Not having deployed it in production, so take this with a massive grain of salt

- once (if?) you have Prime setup and properly integrated and assuming no bugs hit (ha!), the provisioning looks automated
- without the automation, there is several screen-fulls of extra config which is also easy to get wrong if you're doing it by hand
- the benefits boil down to basically: You have really neat netflow reports, and your network will dynamically shift guest wireless and youtube over to the backup link (thats basically the real life effect most enterprises will gain) to free up the main link, and you can order internet circuits at will and the overlay will mesh them into your production WAN seamlessly. THe last point isn't that big a deal in my book, as once you have a MPLS-VPN setup, here in Oz at least its actually cheaper to get a private link than internet in may cases. Also you need one hub/tunnel network per provider, so you're not entirely provider independent (with the internet counting as 1 virtual provider)
- you need ISR4ks - you'll be getting something really crappy with ISRG2s - I think setit (or another regular) was quoted 45M on a 3925 lol - god help you if you also consolidate voice, I have no idea whether it plays nice or not with CUBE functions and/or your regular CUCM services - instinct is to run away rofl
- your routing team had better be on board with phase 3 DMVPN and NHRP troubleshooting
- your routing design/arch team had better not be redistribution crazy and/or really think through the overlay design before implementing (hint hint: my services will run you half that of your local friendly VAR

and yes I have run a production, two tier phase 3 DMVPN and have more than 1 bug to my name lol )

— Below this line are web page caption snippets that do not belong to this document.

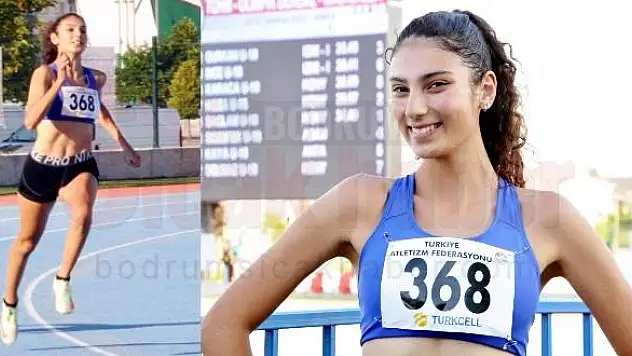 Bodrum'lu İlayda Atletizm Şampiyonası'nda Türkiye 2.si Oldu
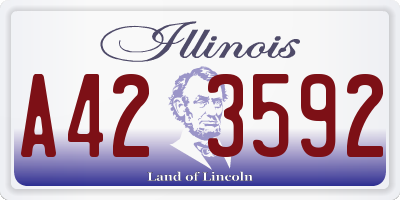 IL license plate A423592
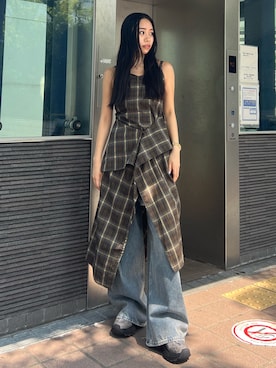 栗原あいりさんのコーディネート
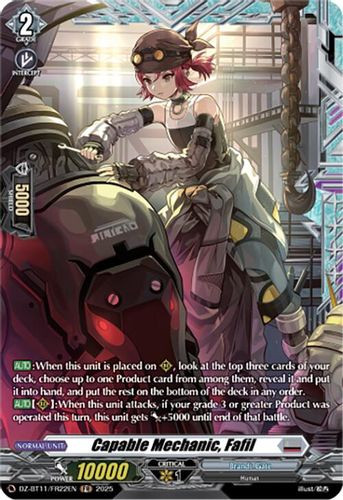 [DZ-BT11/FR22EN](FR) Capable Mechanic, Fafil (FR)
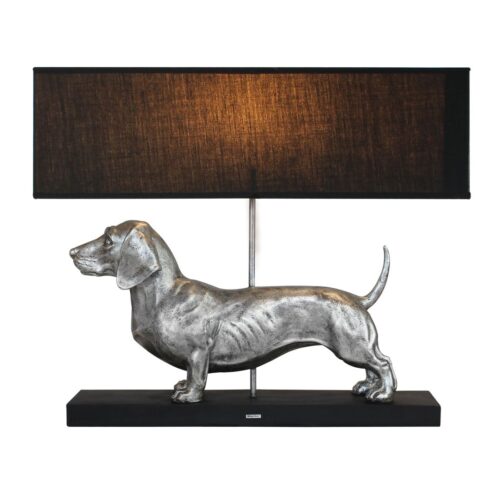 Happy House Lamp Teckel Zilver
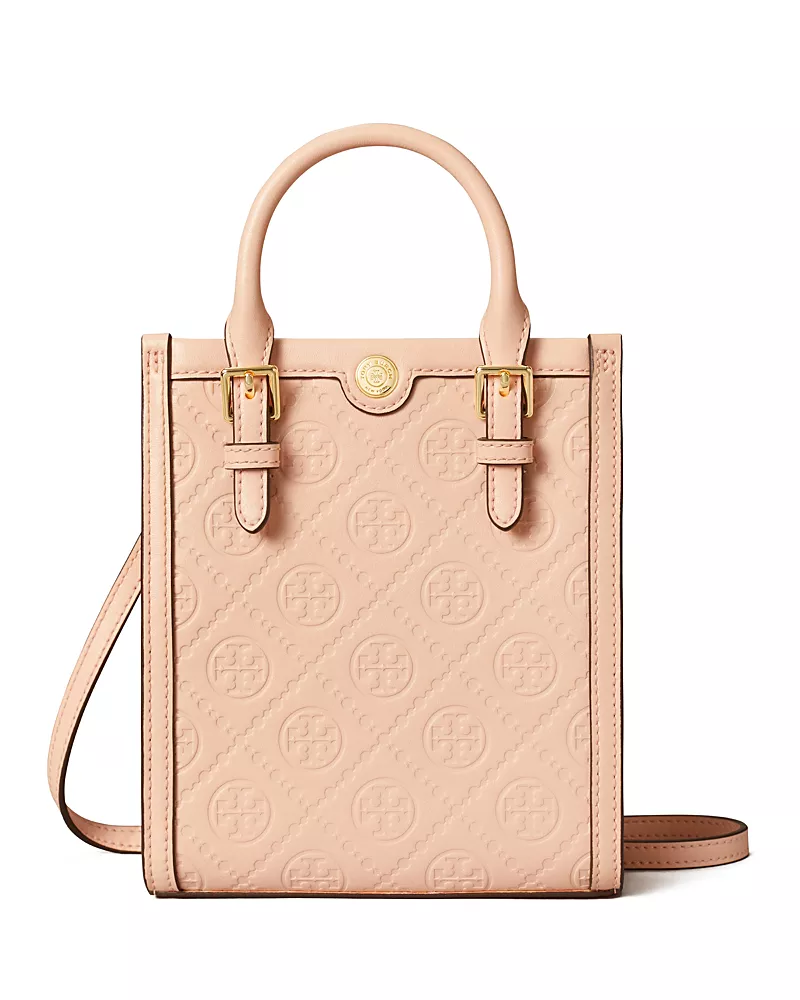 Tory Burch T Monogram Leather Mini N/S Tote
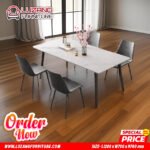 1+4 Modern Ceramic Top Dining Set - Image 3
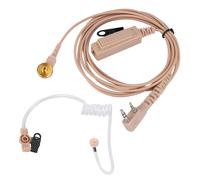 Auriculares con micrófono sensible para radios Motorola, auricular con tubo acústico, tamaño grande, PTT, entornos ruidosos, manos libres, cable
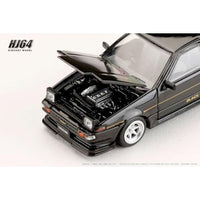 HJ645052BK HJ64 1/64 トヨタ スプリンター トレノ GT APEX (AE86) BLACK LIMITED JDM Style ブラック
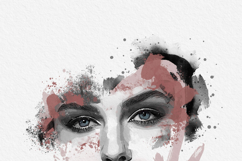 Modern Abstract Portrait Art Photo Effect Product Image 7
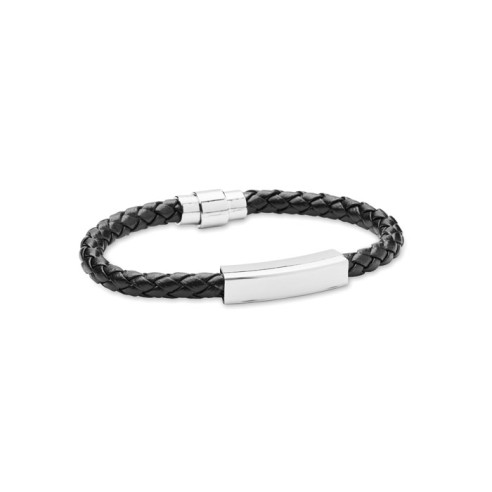 Braided faux leather bracelet FAULETI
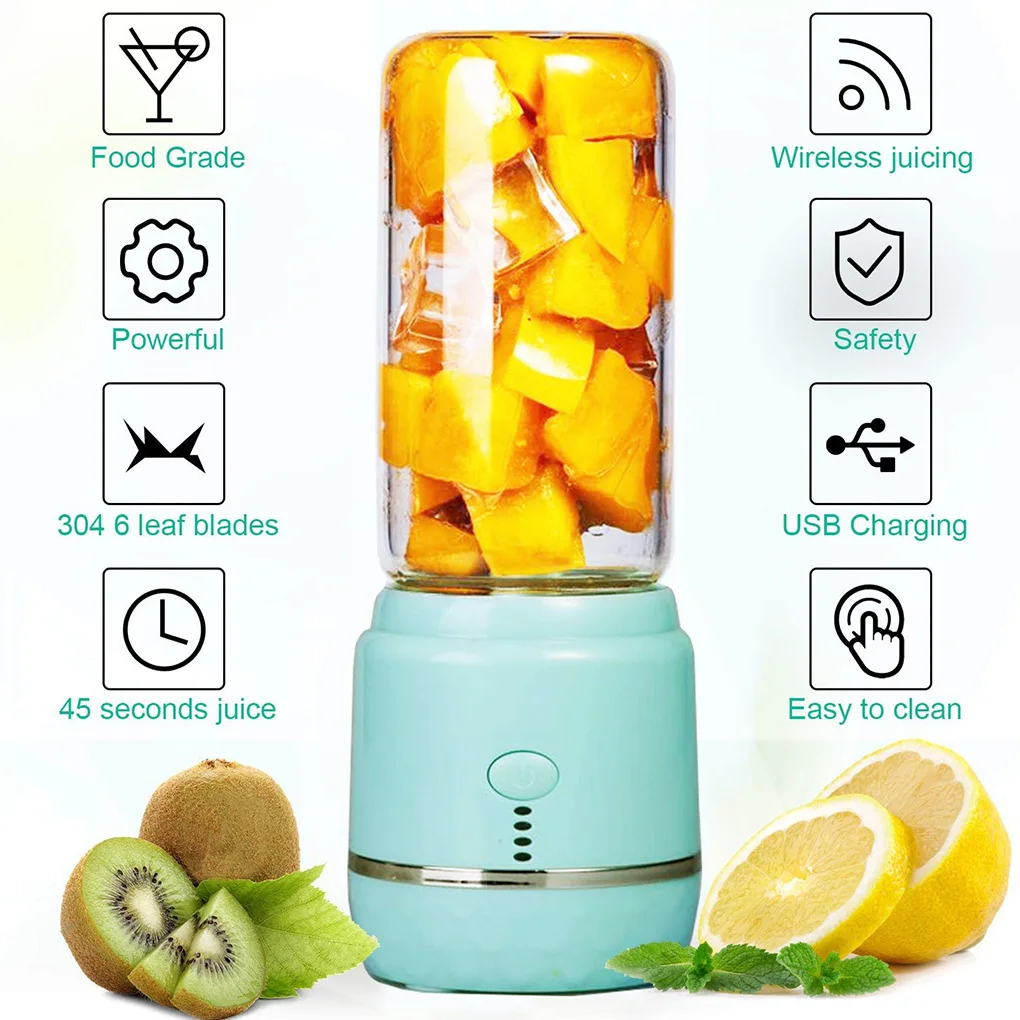 

400ml Electric Mini Juicer Portable Fruits Vegetables Blender Juice Milk Shakes Cup Mixer USB Rechargeable Juice Cup Fruit Tools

Dcloud is cisco's demo cloud for remote 'labs' though I find them more demos than labs (like powerpoint presentations where you can actually do show runs yourself....). Talk to your friendly local Cisco AM/SE for access (I work for a gold partner)

http://dcloud.cisco.com/

routerdork · May 27, 2015, 10:11:52 AM

This came up today. I declined the join the call. So many issues to deal with before we could even think of taking on something like this.

wintermute000 · May 28, 2015, 05:43:15 AM

I'm starting a new role next week doing professional services/presales and I have a feeling I'll be dragged into IWAN, esp. as during my interview they pretty much had me pegged as a WAN guy, fingers crossed this isn't going to end up as a big stinking pile of ----.

The whole dependency upon DMVPN/NHRP and dynamic hidden ACLs/PBRs just gives any old school router guy the heebie jeebies. I've already seen more than two random NHRP (WAN outage causing) issues in production that were eventually traced back to 'oops our bad, software bug, upgrade pls' - but not until after a week of pain/TAC validation of course.